Chile: Pension funds denounced to ILO for discrimination against women
Published on Mon, 2011-08-29 07:29
This week Chilean unions and social organizations made a report to the International Labour Organization (ILO) office in Santiago denouncing private sector pension funds for discrimination against women, a practice that had been documented in a study by the Centro de Estudios Nacionales de Desarrollo Alternativo (CENDA, the focal point of Social Watch in Chile).
Ana Bell, Vice-President of the National Association of Fiscal Employees, one of the organizations that made the denouncement, said, “When the pensions system was privatized in 1981, a scheme that amounts to serious discrimination against women went into operation. When women retire their pensions are 33% less than men who have worked the same number of years for the same pay.”
Guillermo Arthur, President of the Association of Pension Fund Administrators (AFP), argued that the reason women receive less was that they “last longer” (have greater life expectancy) so the funds have to cover more monthly payments. According to Paulina Cid, President of the Association of Women State Officials of the National Service for Women, this explanation is nothing but “barefaced arrogance". "It is shameful", because there are sectors of the population with varying life expectancies, but "only women suffer and only women are very severely discriminated against.”
As Gonzalo Cid, a CENDA economist, explained, “Although women live longer than men, there are other factors that have much greater bearing on life expectancy. People with higher incomes live much longer than people on low incomes. These data are confirmed by the National Statistics Institute. The population of Las Condes (a rich district in Santiago) live an average of nine years more than people in (the poor southern municipality of) Osorno and eight years longer than people in La Pintana (a poor district in the capital city). But when pensions are calculated this aspect is not taken into consideration”,
This week’s denouncement also alludes to a Chilean Constitutional Court decision in the case of sex and age discrimination in health insurance, and a ruling last February by the European Court of Justice that prohibits insurance companies and other similar organizations from discriminating by gender.
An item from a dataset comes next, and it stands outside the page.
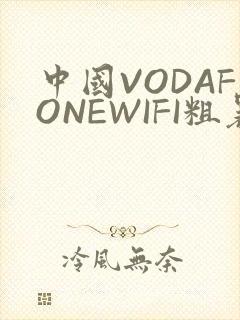 中国VODAFONEWIFI粗暴APP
According to Cid, “It is clear that the pensions system, working through the private sector pension funds, is paying benefits that are less than 40 percent of people’s average income in the periods before they retire. In other words, when people retire they are poor, and it is an unacceptable solution for people who retire to be impoverished. Not only that, but the present system does not resolve the matter of pensions because more than 60 percent of the population do not retire in the private sector pension fund system but with fixed life incomes”.
Last June two CENDA researchers, Manuel Riesco and Mireya Baltra, informed the Committee to Overcome Poverty of the Chamber of Deputies (Parliament) that men who retire in the new Chilean system, which is proclaimed as a model for all Latin America to follow, are today receiving payments 33 percent higher than those of women who have contributed the same amount.
Riesco reported that women who remained in the old system have the right to retire at 60 with the same life pension as a man of 65 if they had the same salary or wage and the same number of years of contributions, regardless of their marital status or number of dependents.
But today under the private pension fund system a single man of 65 receives one third more than a single woman of 60 who has accumulated the same amount of contributions. Even if she postpones her retirement until she is 65, the pension of a man who retires under the same conditions will be one sixth higher.